Like an idiot, I ran the avionics bus power wire directly though the adle clamps that I used to bundle my wiring harness and along the Aux Bus bar wiring.  After ripping everything out that I spent the last two days installing, I found the following (pretty sure they are toast): 

HuuwY3f.png

Long story short, anybody know what gauge wires these are (-006 and -147)?

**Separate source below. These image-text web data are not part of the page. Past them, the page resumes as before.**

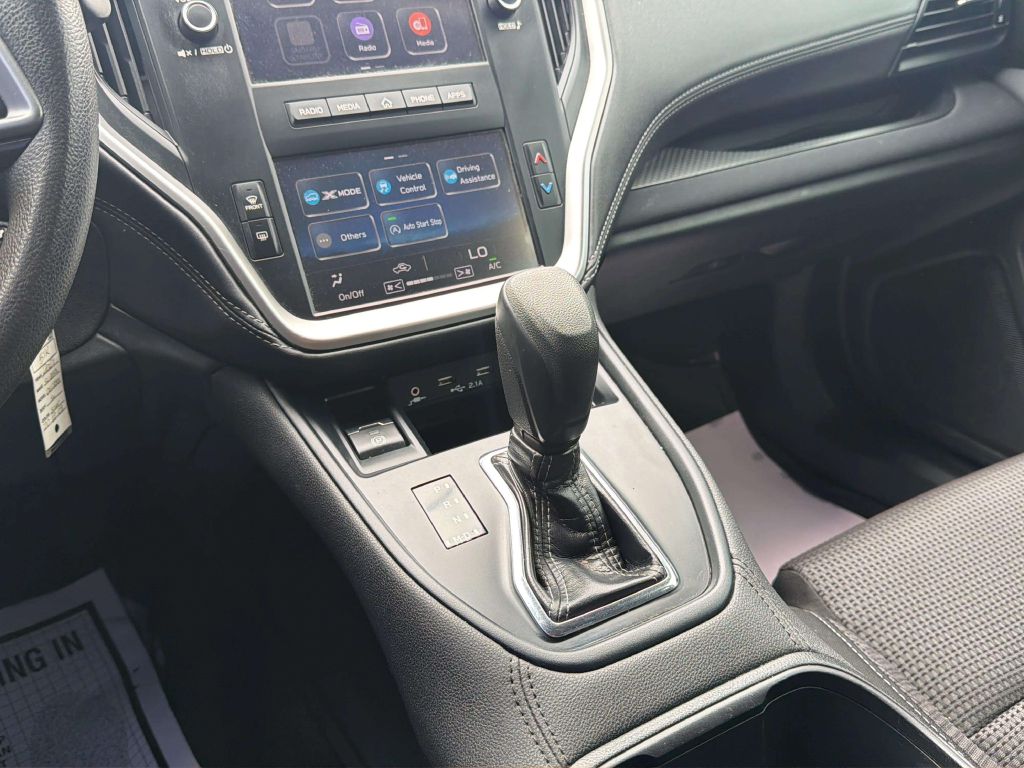 Photo 19 of this SUBARU OUTBACK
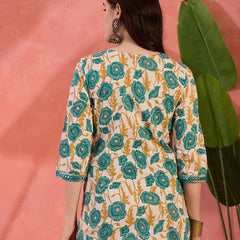 Stylum Women's Green Floral Printed Cotton Top (TOPGREENJEBA)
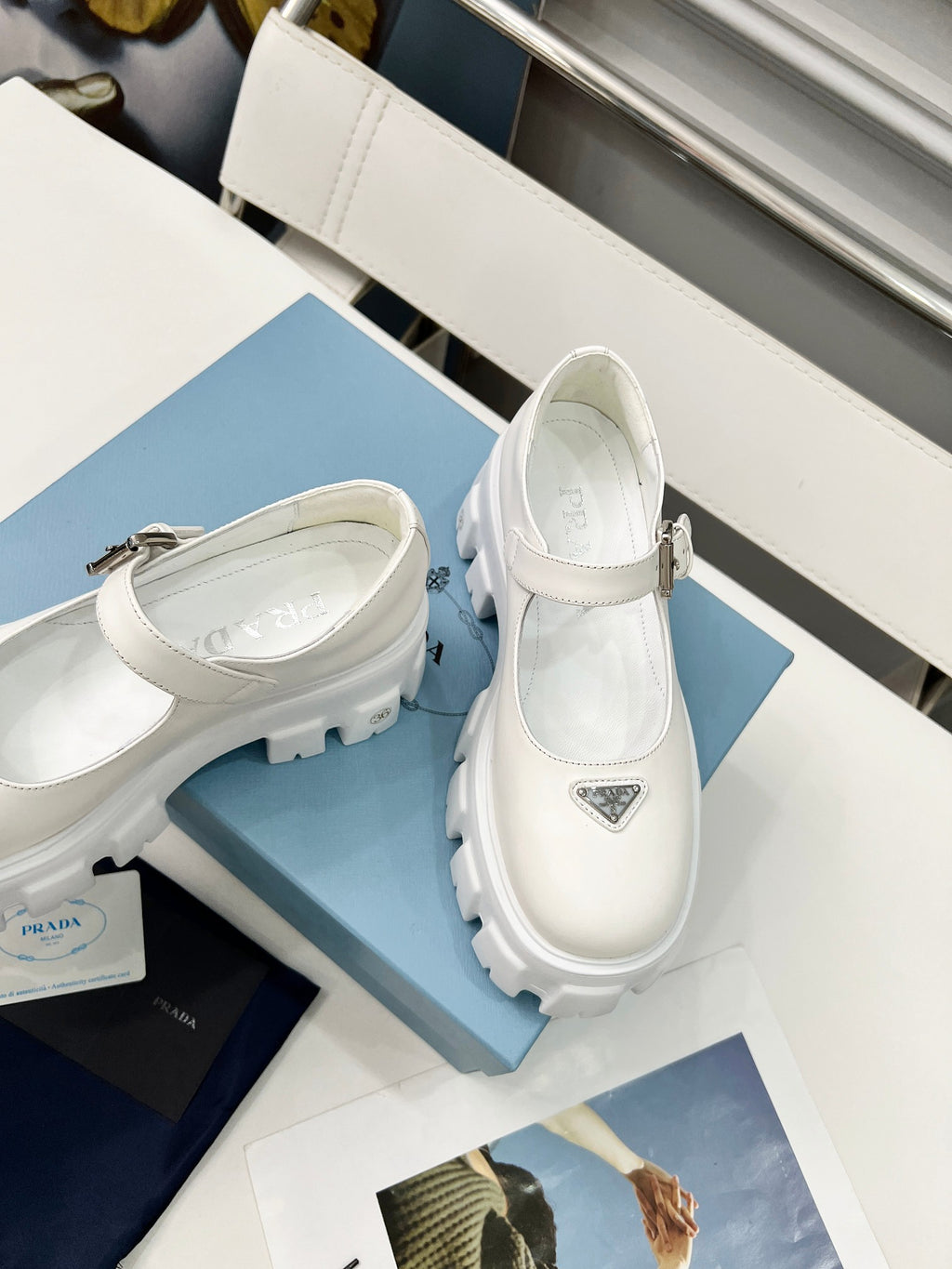 Z2Q95P143  Popular high-quality leather Shoes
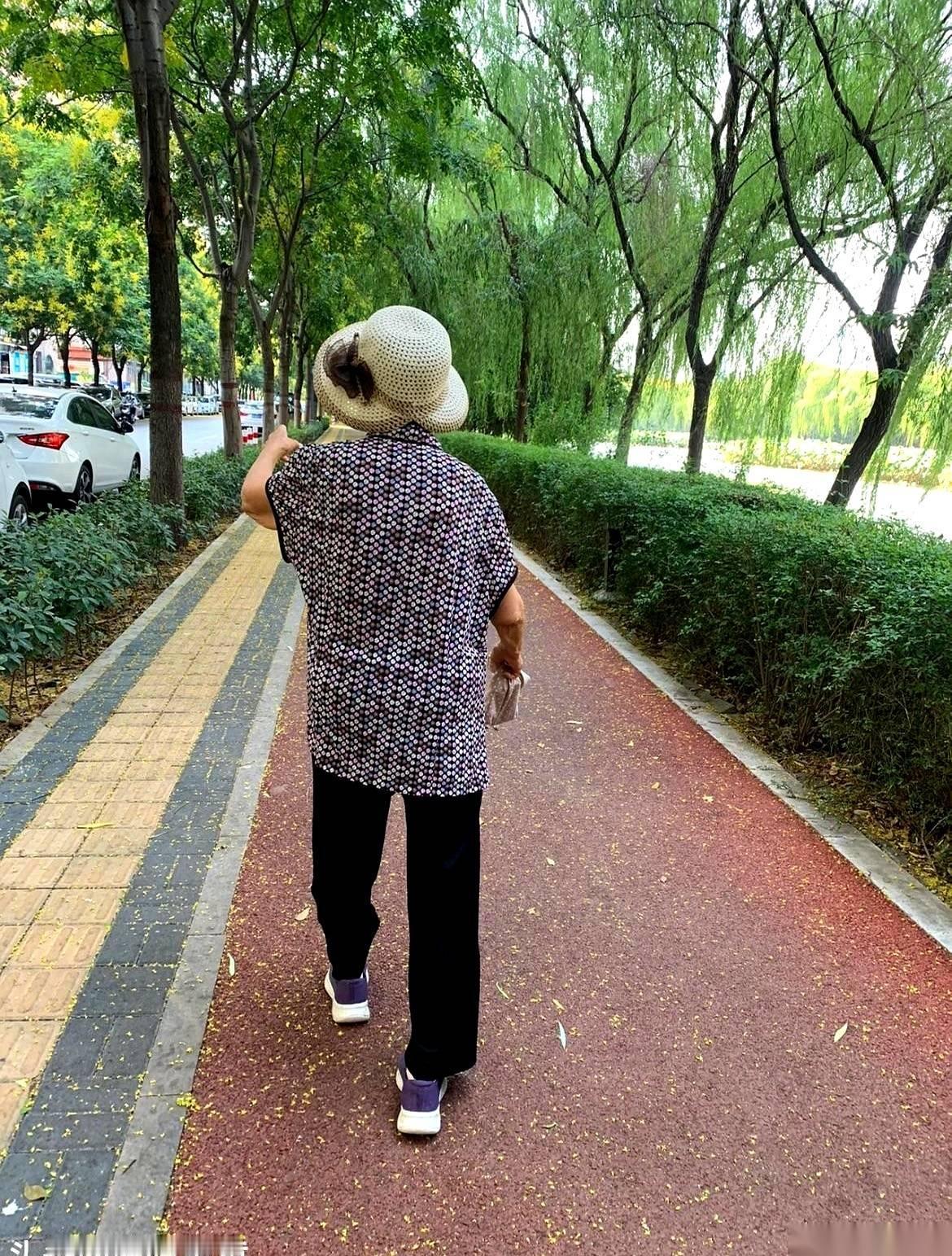 楼下张阿姨，活得那叫一个通透。老伴儿前脚走，俩亲儿子后脚就来了，那算盘珠子都快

The parts manual for the 68 and below don't list any specifics and, considering how expensive the larger wires are, I don't wanna have to buy these twice.  Thankfully the only casualty in my wiring harness appears to be the encoder harness... *sigh* 

image.png.4003033e43b82ae463883583a3c72217.png

Also, while you should never be messing with the avionics bus bars while in flight, I am darn sure adding a breaker now for this just like the Aux Bus CB.  Can you imagine if some FOD DID come loose and short out the bus bar while in flight? EEK! And to think the plane was flying around this way for 20 years...

Is there anything else I should be inspecting since I basically just shorted the entire battery bus to ground (I'm lucky I didn't get shocked, now that I think about it...)? I inspected the battery cables and everything LOOKED okay, only the wires that were bundled with the avionics bus wire got visibly burned, but if im ripping all this stuff out might as well do it right.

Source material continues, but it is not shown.